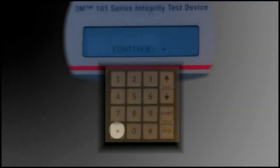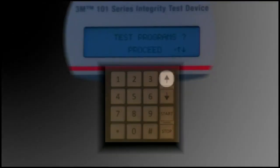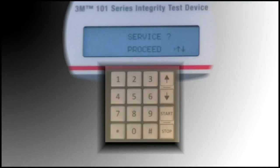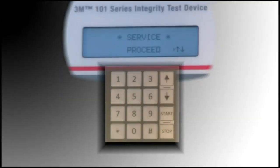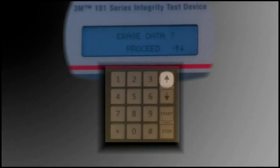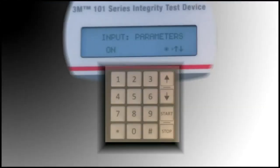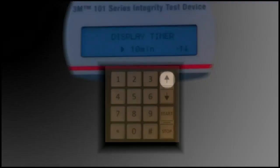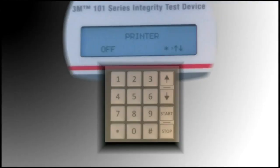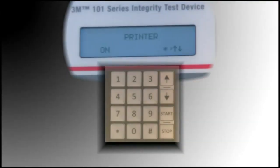Activate the test device and scroll to the Service menu. Press the Start button on the device keypad, then press the 7 button. Press the up arrow 7 times, then press Start. Press the up arrow 8 times. Press the star button to toggle as needed to ensure the printer is on.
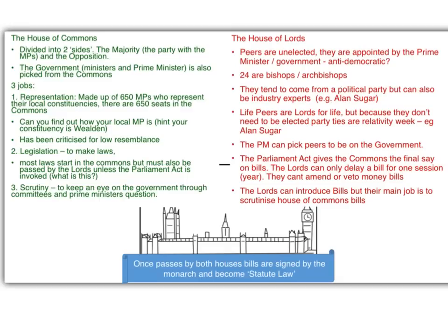When we talk about the Houses of Parliament, it's divided into two distinct parts: the House of Commons and the House of Lords. The House of Commons is known for its green seats, and the House of Lords for its red seats. The House of Commons is divided into two sides: you've got the majority — the party with the most MPs — and the opposition, which can be one party or several parties. Currently the opposition would include Labour, the Scottish National Party, UKIP members, the Green Party, and perhaps one or two independents. The government — the ministers and Prime Minister — is also picked from the Commons.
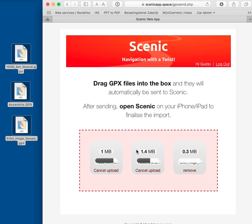And it'll also tell you if something is wrong with the GPX, if it can't be uploaded or something. It will tell you. Just give it a few more seconds for the upload to finalize.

### TASK GOAL
Once the pictures are set aside, restate the remaining data above exactly.

### OUTPUT BELOW
Activate the test device and scroll to the Service menu. Press the Start button on the device keypad, then press the 7 button. Press the up arrow 7 times, then press Start. Press the up arrow 8 times. Press the star button to toggle as needed to ensure the printer is on.
When we talk about the Houses of Parliament, it's divided into two distinct parts: the House of Commons and the House of Lords. The House of Commons is known for its green seats, and the House of Lords for its red seats. The House of Commons is divided into two sides: you've got the majority — the party with the most MPs — and the opposition, which can be one party or several parties. Currently the opposition would include Labour, the Scottish National Party, UKIP members, the Green Party, and perhaps one or two independents. The government — the ministers and Prime Minister — is also picked from the Commons.
And it'll also tell you if something is wrong with the GPX, if it can't be uploaded or something. It will tell you. Just give it a few more seconds for the upload to finalize.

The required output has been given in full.